==== Supplied material

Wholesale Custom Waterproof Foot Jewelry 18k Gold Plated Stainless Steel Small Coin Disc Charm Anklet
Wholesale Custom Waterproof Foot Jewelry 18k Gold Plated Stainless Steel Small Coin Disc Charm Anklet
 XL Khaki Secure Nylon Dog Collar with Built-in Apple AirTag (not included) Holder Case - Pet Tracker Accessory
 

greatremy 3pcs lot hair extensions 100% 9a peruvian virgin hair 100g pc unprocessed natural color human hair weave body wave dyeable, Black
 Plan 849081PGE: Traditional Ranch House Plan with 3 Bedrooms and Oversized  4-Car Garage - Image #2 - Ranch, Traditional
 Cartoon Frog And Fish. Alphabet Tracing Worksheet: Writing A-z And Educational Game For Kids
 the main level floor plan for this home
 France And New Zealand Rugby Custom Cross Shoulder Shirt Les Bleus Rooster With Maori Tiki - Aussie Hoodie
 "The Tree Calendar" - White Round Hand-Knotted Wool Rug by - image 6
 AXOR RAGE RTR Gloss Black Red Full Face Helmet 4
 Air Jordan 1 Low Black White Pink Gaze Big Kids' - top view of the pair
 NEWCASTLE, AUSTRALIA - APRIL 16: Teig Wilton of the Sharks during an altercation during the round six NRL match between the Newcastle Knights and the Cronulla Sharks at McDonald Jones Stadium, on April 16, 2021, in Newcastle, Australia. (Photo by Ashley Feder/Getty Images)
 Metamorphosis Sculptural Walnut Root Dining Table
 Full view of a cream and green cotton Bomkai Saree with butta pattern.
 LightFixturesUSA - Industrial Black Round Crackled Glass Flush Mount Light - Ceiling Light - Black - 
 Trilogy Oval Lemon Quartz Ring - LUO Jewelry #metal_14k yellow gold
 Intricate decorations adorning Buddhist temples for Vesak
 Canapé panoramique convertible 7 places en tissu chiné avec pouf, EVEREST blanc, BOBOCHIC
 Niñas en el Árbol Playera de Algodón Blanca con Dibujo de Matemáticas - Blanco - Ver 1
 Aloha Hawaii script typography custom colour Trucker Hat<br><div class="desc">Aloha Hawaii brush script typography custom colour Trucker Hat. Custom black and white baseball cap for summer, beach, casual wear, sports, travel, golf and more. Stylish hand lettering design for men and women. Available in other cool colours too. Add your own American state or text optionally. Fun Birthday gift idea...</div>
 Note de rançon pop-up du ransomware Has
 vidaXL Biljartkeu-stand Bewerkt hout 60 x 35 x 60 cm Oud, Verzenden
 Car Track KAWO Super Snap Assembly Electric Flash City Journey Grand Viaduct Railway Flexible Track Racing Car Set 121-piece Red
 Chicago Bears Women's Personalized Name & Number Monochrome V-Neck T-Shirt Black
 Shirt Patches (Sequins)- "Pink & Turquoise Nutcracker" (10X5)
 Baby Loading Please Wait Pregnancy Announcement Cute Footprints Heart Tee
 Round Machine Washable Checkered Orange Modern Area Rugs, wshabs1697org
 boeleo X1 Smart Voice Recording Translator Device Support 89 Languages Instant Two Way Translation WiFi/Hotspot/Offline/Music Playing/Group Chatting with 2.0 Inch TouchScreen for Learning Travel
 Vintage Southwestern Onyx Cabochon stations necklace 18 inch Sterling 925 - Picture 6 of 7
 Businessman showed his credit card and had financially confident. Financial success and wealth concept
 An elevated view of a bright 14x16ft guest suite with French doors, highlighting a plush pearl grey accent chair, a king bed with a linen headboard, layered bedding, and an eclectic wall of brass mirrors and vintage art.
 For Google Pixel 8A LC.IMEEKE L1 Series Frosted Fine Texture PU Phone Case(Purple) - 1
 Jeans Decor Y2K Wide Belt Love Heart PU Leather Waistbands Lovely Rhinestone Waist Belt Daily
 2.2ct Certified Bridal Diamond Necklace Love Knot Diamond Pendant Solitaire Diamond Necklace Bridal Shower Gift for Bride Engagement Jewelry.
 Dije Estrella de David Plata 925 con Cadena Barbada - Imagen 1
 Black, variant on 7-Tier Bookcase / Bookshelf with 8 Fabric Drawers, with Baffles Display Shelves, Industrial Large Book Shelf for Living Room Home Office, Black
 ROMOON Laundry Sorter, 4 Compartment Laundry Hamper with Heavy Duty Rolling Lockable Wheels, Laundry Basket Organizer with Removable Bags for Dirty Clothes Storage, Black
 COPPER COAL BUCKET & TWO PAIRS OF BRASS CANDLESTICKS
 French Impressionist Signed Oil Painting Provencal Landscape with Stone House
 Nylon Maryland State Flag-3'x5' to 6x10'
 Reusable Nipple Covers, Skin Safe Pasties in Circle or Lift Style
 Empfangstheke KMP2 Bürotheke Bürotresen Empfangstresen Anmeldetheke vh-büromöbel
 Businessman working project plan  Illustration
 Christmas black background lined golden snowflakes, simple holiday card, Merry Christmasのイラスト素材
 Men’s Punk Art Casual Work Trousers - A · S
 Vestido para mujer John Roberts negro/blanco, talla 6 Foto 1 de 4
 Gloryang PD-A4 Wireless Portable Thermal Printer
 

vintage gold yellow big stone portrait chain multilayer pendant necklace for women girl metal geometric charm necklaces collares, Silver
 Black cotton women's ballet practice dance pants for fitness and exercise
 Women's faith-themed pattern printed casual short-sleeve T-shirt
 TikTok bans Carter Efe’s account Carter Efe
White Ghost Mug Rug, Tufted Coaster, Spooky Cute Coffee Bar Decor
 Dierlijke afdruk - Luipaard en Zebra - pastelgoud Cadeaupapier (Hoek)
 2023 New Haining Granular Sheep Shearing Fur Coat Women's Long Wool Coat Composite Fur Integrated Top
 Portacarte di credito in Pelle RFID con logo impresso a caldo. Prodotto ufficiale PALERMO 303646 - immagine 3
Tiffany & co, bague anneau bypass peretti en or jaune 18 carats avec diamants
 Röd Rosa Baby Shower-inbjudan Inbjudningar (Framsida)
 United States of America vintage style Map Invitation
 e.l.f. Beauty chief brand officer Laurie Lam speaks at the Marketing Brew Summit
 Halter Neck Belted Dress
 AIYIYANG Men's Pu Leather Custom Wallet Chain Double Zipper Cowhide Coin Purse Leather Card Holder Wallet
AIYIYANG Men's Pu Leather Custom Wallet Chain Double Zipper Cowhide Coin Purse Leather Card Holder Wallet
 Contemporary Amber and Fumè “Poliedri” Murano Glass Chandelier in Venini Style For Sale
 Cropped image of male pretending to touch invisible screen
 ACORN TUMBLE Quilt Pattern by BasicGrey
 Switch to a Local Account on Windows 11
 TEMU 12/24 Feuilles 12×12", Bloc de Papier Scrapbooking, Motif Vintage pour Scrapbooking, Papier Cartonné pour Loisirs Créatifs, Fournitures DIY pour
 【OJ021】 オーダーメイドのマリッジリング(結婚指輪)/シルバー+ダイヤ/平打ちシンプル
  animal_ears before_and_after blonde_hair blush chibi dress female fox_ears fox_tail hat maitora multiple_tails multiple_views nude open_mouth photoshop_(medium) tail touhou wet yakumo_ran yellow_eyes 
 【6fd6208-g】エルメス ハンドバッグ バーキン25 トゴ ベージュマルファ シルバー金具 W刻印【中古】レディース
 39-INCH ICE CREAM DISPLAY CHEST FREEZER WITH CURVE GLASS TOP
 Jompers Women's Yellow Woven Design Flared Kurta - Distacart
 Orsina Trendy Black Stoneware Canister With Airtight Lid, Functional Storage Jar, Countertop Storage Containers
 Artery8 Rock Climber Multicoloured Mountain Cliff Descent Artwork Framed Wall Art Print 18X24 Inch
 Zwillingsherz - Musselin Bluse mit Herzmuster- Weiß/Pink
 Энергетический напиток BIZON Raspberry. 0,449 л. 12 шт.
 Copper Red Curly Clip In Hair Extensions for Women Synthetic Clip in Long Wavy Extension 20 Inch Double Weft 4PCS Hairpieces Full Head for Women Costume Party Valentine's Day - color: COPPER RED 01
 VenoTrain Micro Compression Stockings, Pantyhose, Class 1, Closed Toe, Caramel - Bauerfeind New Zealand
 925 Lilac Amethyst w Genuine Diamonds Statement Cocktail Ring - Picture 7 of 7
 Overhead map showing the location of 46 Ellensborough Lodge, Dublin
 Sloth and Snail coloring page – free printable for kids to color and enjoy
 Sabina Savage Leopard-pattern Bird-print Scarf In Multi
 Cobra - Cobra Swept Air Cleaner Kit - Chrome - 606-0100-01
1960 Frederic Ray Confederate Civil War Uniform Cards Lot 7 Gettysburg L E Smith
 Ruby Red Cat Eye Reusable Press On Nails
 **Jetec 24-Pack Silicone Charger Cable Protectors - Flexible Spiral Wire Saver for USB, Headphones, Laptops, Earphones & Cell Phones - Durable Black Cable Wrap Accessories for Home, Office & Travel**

========

*Task directions*: The first line of the entries above and every line after it, up to and including the line with "AXOR RAGE RTR", should be set down exactly.

*Exercise answer*:
Wholesale Custom Waterproof Foot Jewelry 18k Gold Plated Stainless Steel Small Coin Disc Charm Anklet
Wholesale Custom Waterproof Foot Jewelry 18k Gold Plated Stainless Steel Small Coin Disc Charm Anklet
 XL Khaki Secure Nylon Dog Collar with Built-in Apple AirTag (not included) Holder Case - Pet Tracker Accessory
 

greatremy 3pcs lot hair extensions 100% 9a peruvian virgin hair 100g pc unprocessed natural color human hair weave body wave dyeable, Black
 Plan 849081PGE: Traditional Ranch House Plan with 3 Bedrooms and Oversized  4-Car Garage - Image #2 - Ranch, Traditional
 Cartoon Frog And Fish. Alphabet Tracing Worksheet: Writing A-z And Educational Game For Kids
 the main level floor plan for this home
 France And New Zealand Rugby Custom Cross Shoulder Shirt Les Bleus Rooster With Maori Tiki - Aussie Hoodie
 "The Tree Calendar" - White Round Hand-Knotted Wool Rug by - image 6
 AXOR RAGE RTR Gloss Black Red Full Face Helmet 4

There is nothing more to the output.